TASK DETAILS: Return the full listing below, unchanged.

TASK DATA:
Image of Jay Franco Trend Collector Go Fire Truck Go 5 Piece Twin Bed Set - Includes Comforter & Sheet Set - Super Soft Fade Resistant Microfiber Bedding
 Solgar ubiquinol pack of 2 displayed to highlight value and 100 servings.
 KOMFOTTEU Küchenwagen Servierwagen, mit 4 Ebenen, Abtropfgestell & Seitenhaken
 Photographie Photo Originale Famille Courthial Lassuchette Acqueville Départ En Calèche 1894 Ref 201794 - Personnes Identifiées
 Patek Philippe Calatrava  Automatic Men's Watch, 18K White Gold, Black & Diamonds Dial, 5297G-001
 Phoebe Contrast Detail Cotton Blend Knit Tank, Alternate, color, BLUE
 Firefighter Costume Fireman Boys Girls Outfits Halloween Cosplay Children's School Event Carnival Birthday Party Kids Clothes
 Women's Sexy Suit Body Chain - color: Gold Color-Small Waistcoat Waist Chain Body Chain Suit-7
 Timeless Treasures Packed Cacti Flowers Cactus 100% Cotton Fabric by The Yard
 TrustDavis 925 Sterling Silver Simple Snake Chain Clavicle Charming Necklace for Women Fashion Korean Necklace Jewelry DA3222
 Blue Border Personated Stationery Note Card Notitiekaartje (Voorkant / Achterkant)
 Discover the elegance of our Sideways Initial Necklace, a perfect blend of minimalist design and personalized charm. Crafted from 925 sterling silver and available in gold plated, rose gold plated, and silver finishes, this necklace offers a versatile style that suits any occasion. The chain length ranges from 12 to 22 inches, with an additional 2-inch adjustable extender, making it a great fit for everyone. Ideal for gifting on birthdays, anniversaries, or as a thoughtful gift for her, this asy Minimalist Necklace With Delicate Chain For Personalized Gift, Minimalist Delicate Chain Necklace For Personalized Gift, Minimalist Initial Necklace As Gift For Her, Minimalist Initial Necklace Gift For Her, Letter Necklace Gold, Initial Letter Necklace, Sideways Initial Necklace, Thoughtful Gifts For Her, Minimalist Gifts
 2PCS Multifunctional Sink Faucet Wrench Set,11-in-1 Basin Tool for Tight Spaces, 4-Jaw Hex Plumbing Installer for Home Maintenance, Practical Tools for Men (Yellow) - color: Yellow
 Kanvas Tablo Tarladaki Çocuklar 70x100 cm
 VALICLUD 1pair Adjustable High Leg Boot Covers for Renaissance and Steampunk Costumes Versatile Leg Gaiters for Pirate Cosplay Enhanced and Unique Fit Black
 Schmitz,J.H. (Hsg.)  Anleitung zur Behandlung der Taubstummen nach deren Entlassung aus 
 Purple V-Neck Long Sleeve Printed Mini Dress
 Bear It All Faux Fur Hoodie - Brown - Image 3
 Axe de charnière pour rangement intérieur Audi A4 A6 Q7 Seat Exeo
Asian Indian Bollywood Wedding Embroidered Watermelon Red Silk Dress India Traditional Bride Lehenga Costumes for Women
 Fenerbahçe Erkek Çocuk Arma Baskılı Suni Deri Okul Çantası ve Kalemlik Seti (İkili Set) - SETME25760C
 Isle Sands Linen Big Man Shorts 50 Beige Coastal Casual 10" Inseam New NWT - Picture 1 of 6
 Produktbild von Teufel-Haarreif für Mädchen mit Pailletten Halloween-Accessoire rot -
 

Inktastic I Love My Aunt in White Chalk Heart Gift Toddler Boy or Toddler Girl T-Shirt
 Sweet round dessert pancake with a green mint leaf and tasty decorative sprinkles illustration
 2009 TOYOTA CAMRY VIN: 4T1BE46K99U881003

ANSWER BELOW:
Image of Jay Franco Trend Collector Go Fire Truck Go 5 Piece Twin Bed Set - Includes Comforter & Sheet Set - Super Soft Fade Resistant Microfiber Bedding
 Solgar ubiquinol pack of 2 displayed to highlight value and 100 servings.
 KOMFOTTEU Küchenwagen Servierwagen, mit 4 Ebenen, Abtropfgestell & Seitenhaken
 Photographie Photo Originale Famille Courthial Lassuchette Acqueville Départ En Calèche 1894 Ref 201794 - Personnes Identifiées
 Patek Philippe Calatrava  Automatic Men's Watch, 18K White Gold, Black & Diamonds Dial, 5297G-001
 Phoebe Contrast Detail Cotton Blend Knit Tank, Alternate, color, BLUE
 Firefighter Costume Fireman Boys Girls Outfits Halloween Cosplay Children's School Event Carnival Birthday Party Kids Clothes
 Women's Sexy Suit Body Chain - color: Gold Color-Small Waistcoat Waist Chain Body Chain Suit-7
 Timeless Treasures Packed Cacti Flowers Cactus 100% Cotton Fabric by The Yard
 TrustDavis 925 Sterling Silver Simple Snake Chain Clavicle Charming Necklace for Women Fashion Korean Necklace Jewelry DA3222
 Blue Border Personated Stationery Note Card Notitiekaartje (Voorkant / Achterkant)
 Discover the elegance of our Sideways Initial Necklace, a perfect blend of minimalist design and personalized charm. Crafted from 925 sterling silver and available in gold plated, rose gold plated, and silver finishes, this necklace offers a versatile style that suits any occasion. The chain length ranges from 12 to 22 inches, with an additional 2-inch adjustable extender, making it a great fit for everyone. Ideal for gifting on birthdays, anniversaries, or as a thoughtful gift for her, this asy Minimalist Necklace With Delicate Chain For Personalized Gift, Minimalist Delicate Chain Necklace For Personalized Gift, Minimalist Initial Necklace As Gift For Her, Minimalist Initial Necklace Gift For Her, Letter Necklace Gold, Initial Letter Necklace, Sideways Initial Necklace, Thoughtful Gifts For Her, Minimalist Gifts
 2PCS Multifunctional Sink Faucet Wrench Set,11-in-1 Basin Tool for Tight Spaces, 4-Jaw Hex Plumbing Installer for Home Maintenance, Practical Tools for Men (Yellow) - color: Yellow
 Kanvas Tablo Tarladaki Çocuklar 70x100 cm
 VALICLUD 1pair Adjustable High Leg Boot Covers for Renaissance and Steampunk Costumes Versatile Leg Gaiters for Pirate Cosplay Enhanced and Unique Fit Black
 Schmitz,J.H. (Hsg.)  Anleitung zur Behandlung der Taubstummen nach deren Entlassung aus 
 Purple V-Neck Long Sleeve Printed Mini Dress
 Bear It All Faux Fur Hoodie - Brown - Image 3
 Axe de charnière pour rangement intérieur Audi A4 A6 Q7 Seat Exeo
Asian Indian Bollywood Wedding Embroidered Watermelon Red Silk Dress India Traditional Bride Lehenga Costumes for Women
 Fenerbahçe Erkek Çocuk Arma Baskılı Suni Deri Okul Çantası ve Kalemlik Seti (İkili Set) - SETME25760C
 Isle Sands Linen Big Man Shorts 50 Beige Coastal Casual 10" Inseam New NWT - Picture 1 of 6
 Produktbild von Teufel-Haarreif für Mädchen mit Pailletten Halloween-Accessoire rot -
 

Inktastic I Love My Aunt in White Chalk Heart Gift Toddler Boy or Toddler Girl T-Shirt
 Sweet round dessert pancake with a green mint leaf and tasty decorative sprinkles illustration
 2009 TOYOTA CAMRY VIN: 4T1BE46K99U881003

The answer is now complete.